Step 9: VFD Clock - the Final Clock
Well yea... That's the result after a few days of wiring. For me it worked right away. So I was kinda happy that I didn't mess up anything during wiring at all.
But you see the size relation VFD display size <-> clock size? Or can relate what I mean? That could, like I've just said, have been avoided using an actual PCB.
And since I neither have a saw, nor a drill at home, don't know how to use design software and don't have a fancy 3D printer, I had to build the casing from scratch. I cut off some old PCBs with scissors to form a stable platform where the PCB can sit inside. One the top scrap PCB I created a window so that the VFD display can look out of it. The PCBs were then covered by some fake wood textures.
I measured the height of the tallest component, which is the VFD display of course and fixed a sliding mechanism on the inside with cardboard. Then I created a backplane out of another piece of PCB and coated it with some background that slides into the sliding mechanism and perfectly holds the whole perfboard and the display on the back side. That all can be seen on the bottom two images. The left one shows the front view; the second one the back view and the view to the inside of the clock.
To adjust the clock, it is required to take the clock out of the box. That's why a RTC module is such a great help. You can do it better though with buttons on the side or whatever creative idea you might have.
Step 10: VFD Clock - Final Thoughts
No, this picture of the clock standing on a vintage Grundig tube radio, next to some valves, modern and vintage processor boxes and a poster of Tiffany Alvord only tells you half of the truth. Actually it's sitting on my nightstand as the perfect clock - especially at night. Take a look at the bottom picture. That is how it looks like when it's really really dark. And to me it looks really really beautiful. I din't take a photo of my nightstand because... well... I've not yet tried to decorate it.

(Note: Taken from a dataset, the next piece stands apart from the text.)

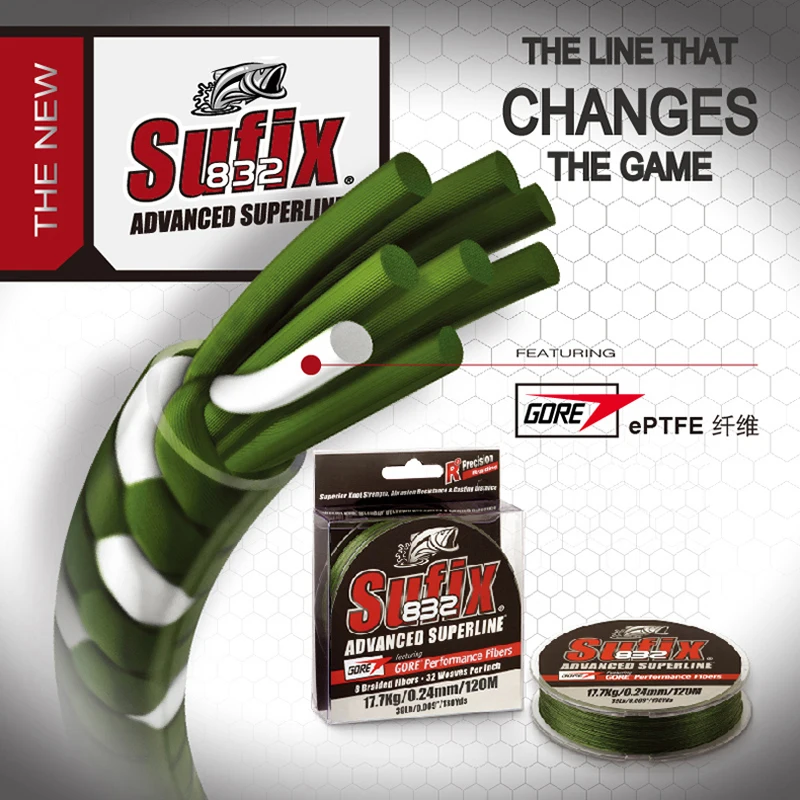 Sufix 832 Braided Fishing Line 120M/250M Super Strong Multifilament Fishing Line Carp Fishing pesca 13-86LB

One big advantage compared to fancy nixie clocks that might also be used as a clock for the nightstand is that this VFD clock only operates at harmless voltages while nixie clocks have voltages that can seriously injure you if you touch them. Since you never know how you behave when you're sleeping, you are better off with a clock with harmless voltages.
Thank you very much for your time reading and or following instructions of this instructable!
Now that was a lot of work and effort. But I just had to share my VFD passion with you so I couldn't help myself not to do an Instructable like this.
If you find this Instructable helpful, please please please help me to improve the Instructable and or the VFD clock project in any way you feel like you want me to - doesn't matter if software (e.g. bugfixing, expanding, improving), hardware (producing an actual PCB e.g.) or casing (designing and producing a better case) because I am sure a whole lot of things can be improved in order to get a VFD Display clock that is more perfect than perfect.
You can even help me finding grammar mistakes to make this Instructable more readable!